Objective:
To compare office and home blood pressure (BP) measurements of treated hypertensive patients followed in public and private healthcare in a Brazilian multicenter study.
Design and method:
A cross-sectional study. The datas were exported from TeleMRPA plataform to an excel file containing the variables to be analyzed. Public and private healthcare units were coordinated by same cardiologists and followed same guidelines concerning BP treatment. Descriptive statistics were used through the measure of central tendency (mean), measure of dispersion (standard deviation) and measure of frequency (percentage).

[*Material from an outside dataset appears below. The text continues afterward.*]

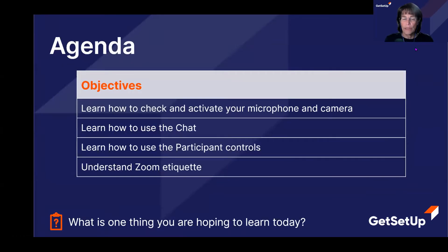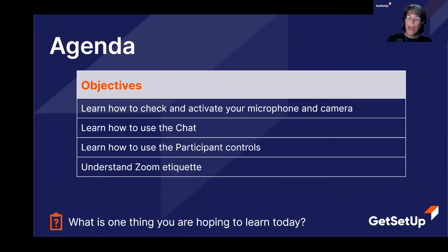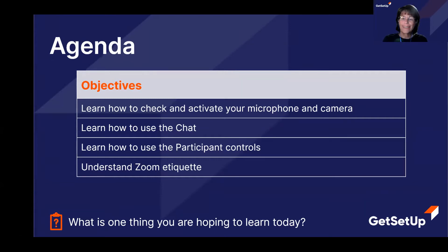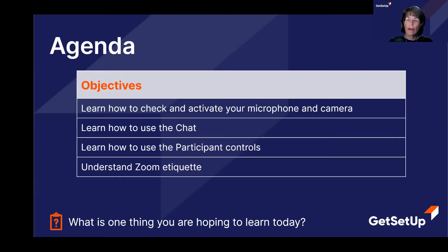What are we going to talk about today? I just want to make sure that folks are comfortable knowing the basics of how to navigate your Zoom controls — how to activate and turn your microphone on and off, how to turn your camera on and off, how to use the chat feature, and some of the participant controls. We'll also talk about Zoom etiquette tips and how to use reactions.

For inferential statistics, the unpaired t-student test was used. A 95% confidence interval and a significance level of p<0.05 were considered.
Results:
The sample consisted of 3.043 study patients: 1.842 (60.5%) of them at private and 1,201 (39.5%) at public healthcare services with a mean age of 58± 12.2 years [public = 59±11.3; private = 58±12.8, p = 0.18], BMI of 28.9±5.2 Kg/m2 [public = 29.4±5.7; private = 28.6±4.8, p<0.001]. Concerning office BP values, Systolic BP [public = 144±25.5mmHg; private = 130±17.2mmHg, p<0.001] and Diastolic BP [public = 87±14.4mmHg; private = 81±10.2mmHg, p<0.001] and at home BP the average Systolic BP[public = 134±20.8mmHg and private = 123±13.6mmHg, p<0.001] and Diastolic BP [public = 82±13mmHg; private = 76±8.9mmHg, p<0.001].
Conclusions:
Hypertensive patients followed at public healthcare services have greater BMI and higher level of BP than private services. Better care is suggested and necessary for public health care, including actions to reviewing the classes of anti-hypertensive drugs and their fixed or non-fixed combinations in order to reduce cardiovascular outcomes.